Why Should Churches Be More Outspoken about Mental Health?
  • Updated Feb 16, 2018

The following is a transcribed Video Q&A, so the text may not read like an edited article would. Scroll to the bottom to view this video in its entirety. 

The biggest thing that we have to realize is that statistics show us that suicide is the tenth leading cause of deaths in America. The reality is that my story, depression, thoughts of suicide and when I brought it to the church, nobody knew what to do with it. Instead it was just, "Pray a little harder." Or "Have a little bit more faith."

And the reality is that I can't blame the pastors that said those things to me, because at the time, they didn't know what they didn't know. Mental health is still a taboo in the church because a lot of people don't talk about it in the same way that sex was still a taboo about 20 years ago.

When a pastor was going to talk about sex the next week, he'd let his congregation know, "Hey, guys, we're going to talk about what happens when, you know, a mommy and a daddy want to make a baby, so you better make sure to keep your kids at home." Well, now we just, you talk about sex because it's a part of life.

Mental health and depression and PTSD and suicide is real part of life in today's day and age. And so pastors, my encouragement to them is to be more outspoken about it and just simply talk about it. They don't have to know all the answers, they don't have to know every single statistic. But they need to talk about it and they need to make sure that they're not just saying, "You just got to pray harder. You just gotta have a little bit more faith." Because in the same way that a pastor would not be caught dead, at least, I hope so, walking into a hospital room and telling a little girl with cancer that she doesn't need the chemo, she just needs to have a little more faith.

I mean, whey would we think it's okay to tell someone who's battling an illness in their brain that, no, you don't need to take any medication, you just need to have a little bit more faith.

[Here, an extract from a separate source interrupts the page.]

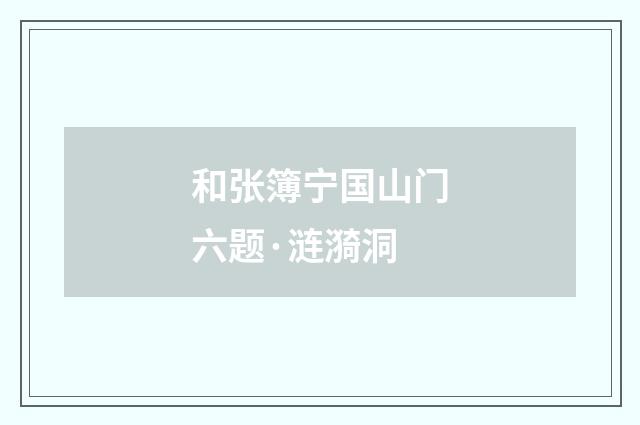 和张簿宁国山门六题·涟漪洞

Now, medication isn't for everybody, but what we have to understand is that just because it's not for every body doesn't mean it's unbiblical. And so my encouragement to pastors is just to be more outspoken about mental health.

I would almost guess, and I'm going to guess on the higher percentage, just because, for the conversation, I would guess that there are 30 to 40% of the congregations around the world, especially in the United States have dealt with or are currently dealing with some type of mental health disorder.

And that I would guess that 99% of the people in your congregations or in a pastor's congregation know of somebody who's dealt with a mental health disorder.

And so it's something that we just have to talk about because it's affecting people and it's hurting people. And if the local church really wants to be the hope of the world, it needs to step into situations where people are finding themselves hopeless. And that is mental health.